Kevin Harvick on final days of Kevin Harvick, Inc.

facebooktwitterreddit

On Friday evening, Kevin Harvick will strap into the No. 2 Hunt Brothers Pizza Chevrolet Silverado in the final NASCAR Camping World Truck Series race for Kevin Harvick, Inc. and then on Saturday afternoon he will watch this his wife on the pit box as the company he built runs its final race.

Some would look at this as an emotional time for the Harvicks. For Kevin Harvick, emotions were running high when he and his wife(DeLana) made the decision to close the shop after ten years. Since then, he has been at peace.

“There are some emotions – I got over those nine or 10 weeks ago,” Harvick said Tuesday. “It will be interesting to see how those emotions are as they push the cars and trucks into the trailers for the last time.”

Richard Childress Racing will take over the KHI Nationwide program, while Eddie Sharp Racing has purchased the assets of the truck program.

KHI has already clinched the 2011 NASCAR Camping World Truck Series Owner’s Championship with the No. 2 truck, and Harvick would love to see his company win in their final outing in that truck at Homestead-Miami Speedway on Friday night.

“As we go into Friday night as we race the truck, we want to go down and do like we’ve done the whole year – contend for the win, try to win the last race, that would be neat,” Harvick said. “To have won the owners championship and have a chance to win the last race, that would be great.”

KHI has put three trucks and two Nationwide cars on the track all season, with a third Nationwide car in select races.

It has won one Nationwide race – Tony Stewart at Daytona, the 10th Nationwide win in team history. It has won 10 truck races this year to increase its total to 43.

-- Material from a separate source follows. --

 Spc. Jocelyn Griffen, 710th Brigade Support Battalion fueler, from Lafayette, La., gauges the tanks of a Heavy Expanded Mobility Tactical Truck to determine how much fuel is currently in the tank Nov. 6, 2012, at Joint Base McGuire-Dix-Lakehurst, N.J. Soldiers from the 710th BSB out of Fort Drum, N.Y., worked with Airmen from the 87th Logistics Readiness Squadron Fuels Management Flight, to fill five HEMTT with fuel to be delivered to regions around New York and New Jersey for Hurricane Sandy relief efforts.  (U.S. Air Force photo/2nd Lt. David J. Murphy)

Ron Hornaday won two driver titles for KHI in the trucks but saw his hopes this year end two weeks ago at Texas with a crash, partly his fault when he got racing three-wide with Kyle Busch and then was finished off by Busch in retaliation.

Nationwide driver Elliott Sadler also was in the championship hunt but saw his hopes end in a wreck with Jason Leffler last week at Phoenix.

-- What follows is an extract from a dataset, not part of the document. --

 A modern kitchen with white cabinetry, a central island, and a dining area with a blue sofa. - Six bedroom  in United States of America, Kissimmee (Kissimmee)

“Neither of those accidents cost us the championship,” Harvick said. “I think as you look back at the season, the Truck Series program, for instance, Ron got off to a rough start at Daytona, then they had several good weeks. The middle of the season was just kind of a disaster, I guess you could say. We put the pieces back together, I guess for the last third of the season, [and] really they were playing catch-up for the whole time.

“You can look at the Nationwide team and have those same arguments. They didn’t win any races. You got to have some cushion in there. You got to perform to the level that you need to perform at to not have it come down to one race.”

One of the reasons Harvick opted to get out of Nationwide competition was because the cars are so similar to Cup cars that he believed it’s better for Cup teams to build those cars. He will still compete in Nationwide events through RCR.

“The transformation that’s been happening at the shop as we’ve gone through the last several weeks of stuff being moved and transferred and things kind of starting to take a new look of the way the buildings will function as we move forward kind of has put it all into perspective from several weeks ago,” Harvick said.

“I don’t think it will be that big of an emotional shock to know that’s the last one.”

In fact, Harvick thinks he will have good feelings on the final weekend.

“It’s a huge relief,” Harvick said. “That’s the feeling that DeLana and I have been going through for the last several weeks, knowing this is the last week. … I really get to do all the same things.

“But the things you have to worry about on a day-to-day basis, Richard and our whole team are looking after those things. It’s been a fun transition and I’m really looking forward to the future and the performance of the vehicles.”